Javert ne disait rien, droit et raide comme une statue, debout devant la portière du fiacre restée ouverte.
« Tu as voulu te noyer dans la Seine à cause de ça. Rien de bon n’en serait sorti, le cogne. Tout le monde s’en serait foutu. Alors que là… Tu vaux quelque chose. Tu l’as prouvé et, si t’es pas stupide, tu continueras longtemps dans ce registre.
- Tu crois vraiment cela le Mec ?
- Cabochard de rabouin ! Va retrouver ton fagot ! Demain, nous reverrons ton rapport et je te parlerai d’un gonze qui m’indispose.
- Plaît-il ? »
Le chien-loup était intéressé, cela fit sourire le Mec qui secoua la main.
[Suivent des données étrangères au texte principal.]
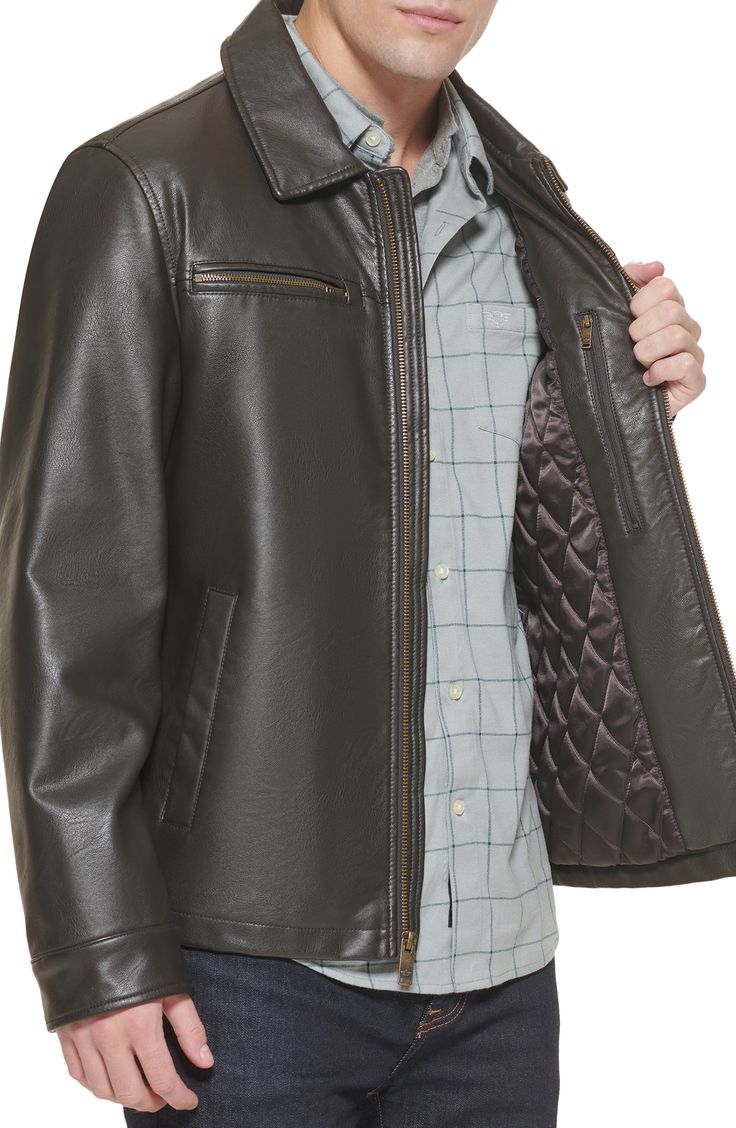 Wind resistant stylish faux leather is given and even more stylish flair with a diamond quilted inner lining for extra warmth. Spread collar Long sleeves with adjustable button cuffs Front zip closure Chest pockets; waist slant pockets 100% polyurethane shell; 85% rayon, 15% polyester back Machine wash Imported Model stats: 6'1" height, 32" waist. Model is wearing size M. Casual Leather Jacket With Faux Fur Lining, Winter Faux Leather Outerwear With Button Closure, Classic Faux Leather Outerwear For Winter, Classic Quilted Leather Jacket For Winter, Brown Faux Leather Outerwear With Button Closure, Classic Faux Leather Outerwear For Fall, Business Faux Leather Outerwear With Pockets, Business Outerwear With Pockets In Faux Leather, Business Outerwear In Faux Leather With Pockets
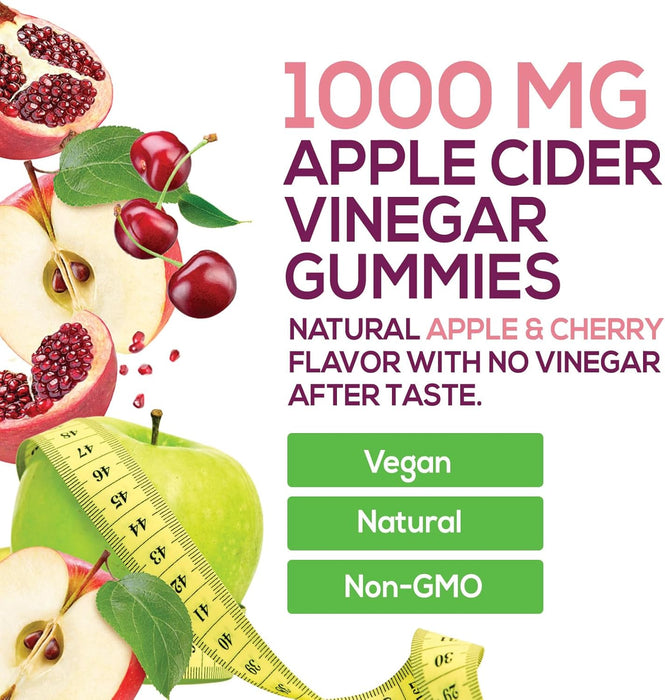 Vegan Apple Cider Vinegar Gummies | Max Strength 1000mg | Gelatin-Free, Vegan, Non-GMO, Made with Beet Root & Vitamin B12 for Energy - Supports Digestion, Detox and Cleanse Support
« Que nenni mon poteau ! Demain ! Ce soir, c’est relâche ! »
Un coup fort sur le toit du fiacre et la voiture s’en alla, laissant un Javert estomaqué devant la maison de la rue Plumet.
Oui, la routine s’installait et Javert devait apprendre à accepter ce qu’il était devenu. Un policier qui n’était plus irréprochable et qui avait des faiblesses.